The main goal of this procedure is to improve visual acuity and reduce the need for glasses or contact lenses. However, it is important to note that not all patients may be able to completely eliminate the need for corrective lenses after surgery.
While the majority of patients experience a significant improvement in their vision, the extent to which they can reduce or eliminate the use of glasses or contact lenses may vary depending on individual factors such as the severity of keratoconus and the patient’s specific visual needs.
It is important to discuss your individual situation with your ophthalmologist to determine the best course of treatment for your specific needs and expectations.
Keranatural (ICRS) may be suitable for keratoconus patients who use contact lenses to correct their vision. In fact, one of the common indications for ICRS is intolerance to contact lenses due to keratoconus or poor vision with contact lenses.
Keranatural can help reduce the irregularities that cause vision problems in keratoconus by improving the shape and thickness of the cornea. This in turn can lead to improved visual acuity and greater comfort in wearing contact lenses.
However, the suitability of Keranatural for a patient with keratoconus who wears contact lenses will depend on several factors, including the severity and progression of keratoconus, the thickness of the cornea and the patient’s overall eye health.
It is important that keratoconus patients considering using Keranatural undergo a comprehensive eye examination and consult with an ophthalmologist who specializes in the treatment of keratoconus. The ophthalmologist can assess the patient’s condition and determine whether Keranatural is a suitable treatment option.
Keranatural treatment (also known as intracorneal ring segments or ICRS) is a surgical procedure that involves the placement of plastic rings in the cornea to reshape it and improve vision in keratoconus patients.
A patient’s suitability for this treatment depends on several factors, including the severity of keratoconus, the thickness and shape of the cornea, and the overall health of the eye.
In general, allograft corneal ring treatment may be suitable for patients with mild to moderate keratoconus who have not responded to other treatments such as contact lenses or glasses. It may also be an option for patients who are not candidates for corneal transplant surgery.
However, the final decision on whether a patient is suitable for this treatment should be made by an ophthalmologist specializing in keratoconus management after a thorough evaluation of the patient’s eye health and condition.
Corneal cross-linking is a treatment for keratoconus, a condition in which the cornea (the transparent front part of the eye) becomes progressively thinner and protrudes outward in a cone shape, causing visual impairment and reduced vision.

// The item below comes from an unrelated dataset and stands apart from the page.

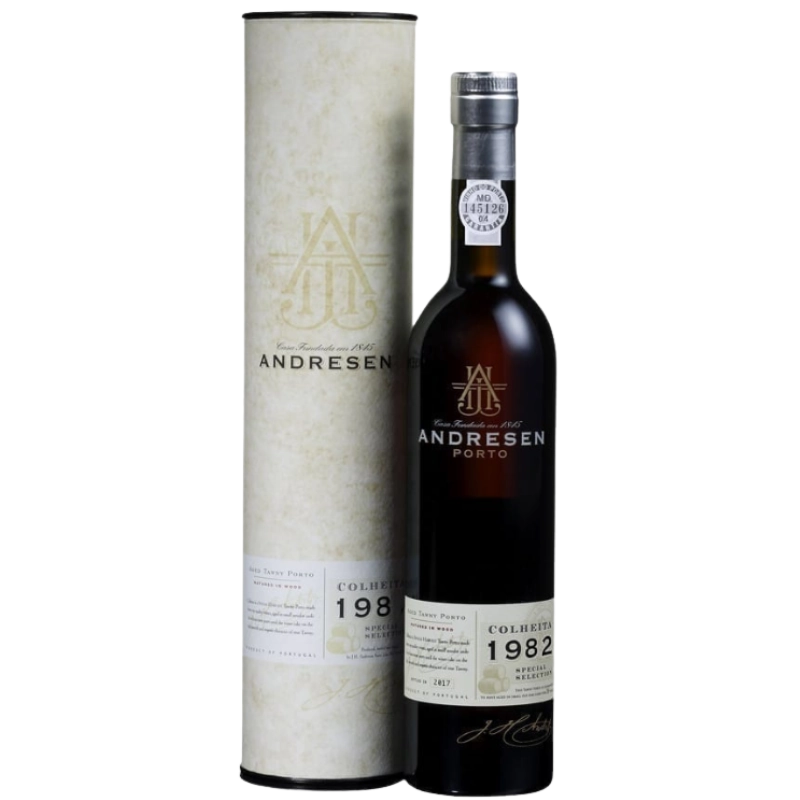 Andresen Porto Colheita 1982 50 cl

The benefits of corneal cross-linking treatment for keratoconus include
Stopping progression: Corneal cross-linking treatment uses riboflavin drops and ultraviolet light to strengthen the cornea’s collagen fibers, which slows or stops the progression of keratoconus.
Prevents the need for a corneal transplant: By stopping the progression of keratoconus, corneal cross-linking can prevent the need for a corneal transplant, a surgical procedure that replaces the entire cornea with a donor cornea.

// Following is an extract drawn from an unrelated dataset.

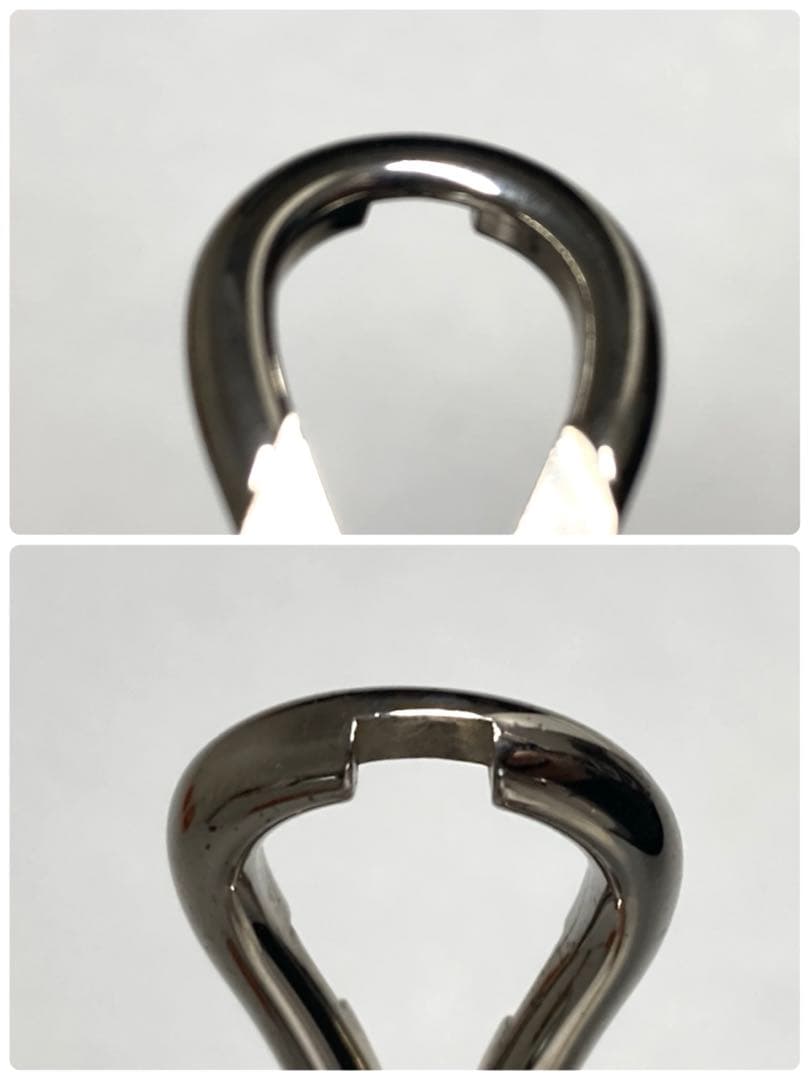 良品　HERMES エルメス　アタメ　シルバー金具　レザー　ブレスレット　箱付き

Improved vision: Corneal cross-linking can also improve visual acuity by flattening the cornea and reducing irregularities that cause visual distortion.

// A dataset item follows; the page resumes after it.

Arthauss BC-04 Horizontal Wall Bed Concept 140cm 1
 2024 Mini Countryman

Minimal side effects: Side effects of corneal cross-linking treatment are usually mild and temporary, such as discomfort, light sensitivity and blurred vision. Serious complications are rare.
Overall, corneal cross-linking is a safe and effective treatment for keratoconus and can help maintain and improve visual function while eliminating the need for more invasive procedures. It is important to note that not all patients with keratoconus may be suitable for corneal cross-linking and that a thorough eye examination and consultation with an ophthalmologist is necessary to determine the most appropriate treatment plan.